The petitioner was convicted, upon plea of nolo contendere, of two counts of breaking and entering in the Circuit Court of Mineral County and was sentenced to two consecutive one-to-ten year terms of imprisonment. At that time, inmate good time was calculated by classifying prison *180 ers according to their “good conduct, industry and obedience” and awarding a partial commutation of sentence of up to twenty days per month to certain classes of inmates solely for their continued good behavior. W.Va. Code § 28-5-28 [1977]. In addition to this “law-allowable good time”, an inmate other than a life prisoner could earn extra good time credits, referred to herein as “warden’s good time”, an award of which was totally within the discretion of correctional authorities. W.Va. Code § 28-5-27a [1951]. 3

The statutes in effect at that time also permitted inmates who were required to perform “work necessary and essential to efficient organization of convict forces” in excess of eight hours per day to earn good time for such overtime work. W.Va. Code § 28-5-27b [1977]. Like warden’s good time, the award of good time for overtime work was left to the discretion of the correctional authorities. However, inmates could not earn overtime work credits in addition to law-allowable good time unless recommended for increased commutation of sentence by correctional authorities for “extra meritorious conduct.” 4

In 1984, the Legislature expressly repealed all former good time provisions and enacted in their place W.Va. Code § 28-5-27 (1985 Cum.Supp.). The new statute discarded the system of prisoner classifications as the basis for computing law-allowable good time and now offers a credit for good behavior to all inmates, except those serving life sentences, at a rate of one day of good time for each day of time served. W.Va. Code § 28-5-27(c). Extra good time may be awarded only for “exceptional work or service” and is dependent upon exercise of discretion by the Commissioner of Corrections. W.Va. Code § 28-5-27(i).
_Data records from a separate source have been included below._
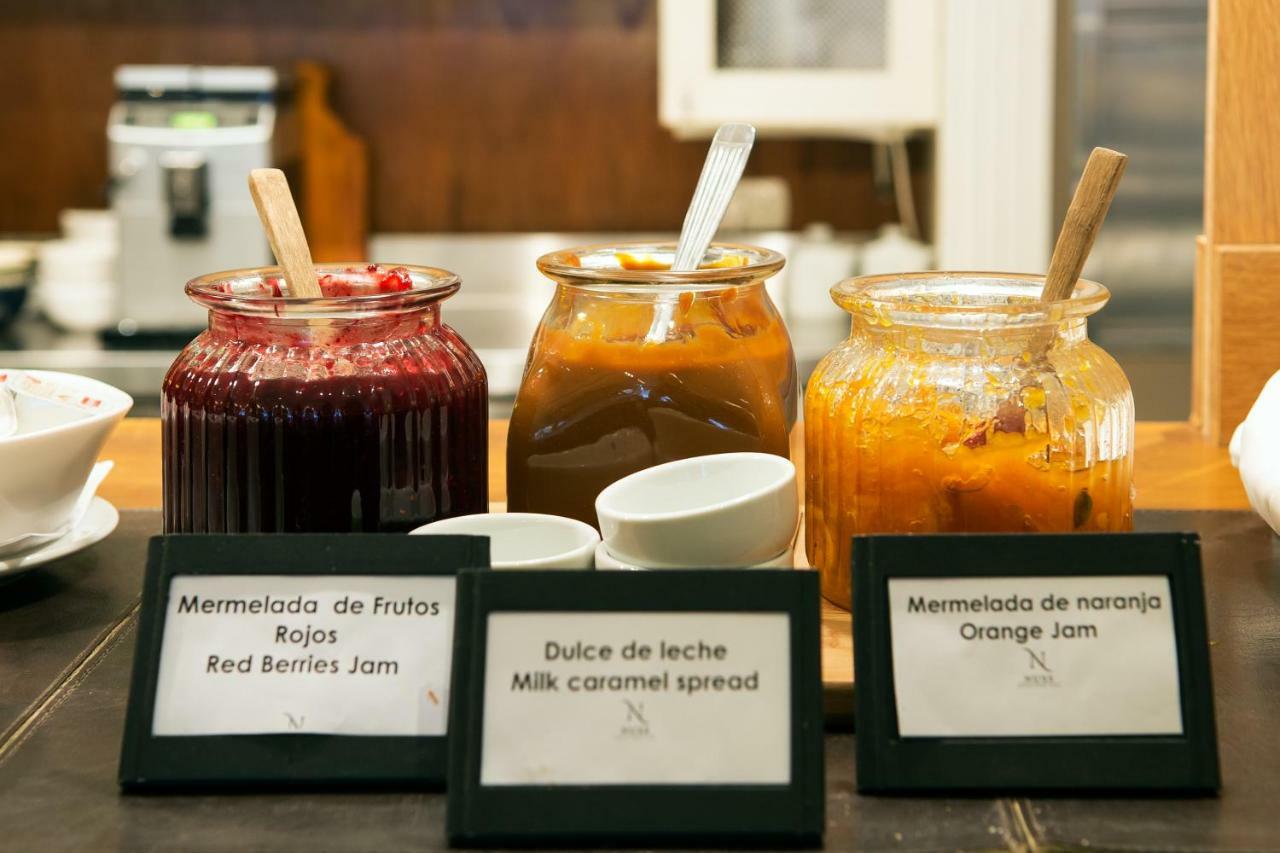 Nuss Buenos Aires Soho Hotel Ngoại thất bức ảnh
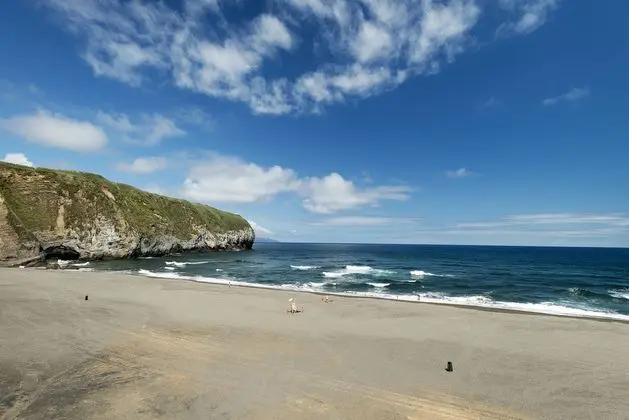 Santa Barbara Eco Beach Resort - Plaj
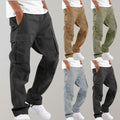 Pantalon cargo pour hommes alliant style et confort – Tim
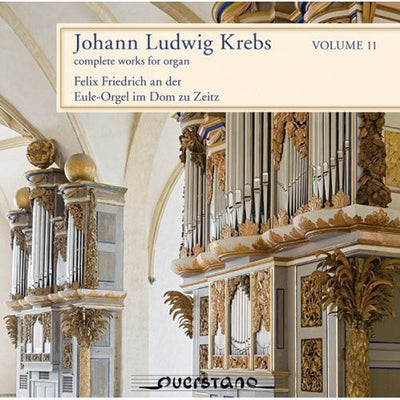 V11: COMPLETE WORKS FOR ORGAN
By its terms the 1984 statute is applicable retroactively to inmates convicted of crimes committed prior to its effective date. W.Va. Code § 28-5-27(j). 5

The controlling principle in determining whether a statute violates the ex post facto prohibition was stated in Syllabus Point 1 of Adkins v. Bordenkircher, 164 W.Va. 292, 262 S.E.2d 885 (1980): “Under ex post facto principles of the United States and West Virginia Constitutions, a law passed after the commission of an offense which increases the punishment, lengthens the sentence or operates to the detriment of the accused, cannot be applied to him.” In Adkins, we held that a retroactive change in good time eligibility requirements which admittedly operated to the detriment of the prisoner violated the prohibition against ex post facto laws. Here, the only issue is whether the application of the 1984 statute to the petitioner is, in fact, disadvantageous.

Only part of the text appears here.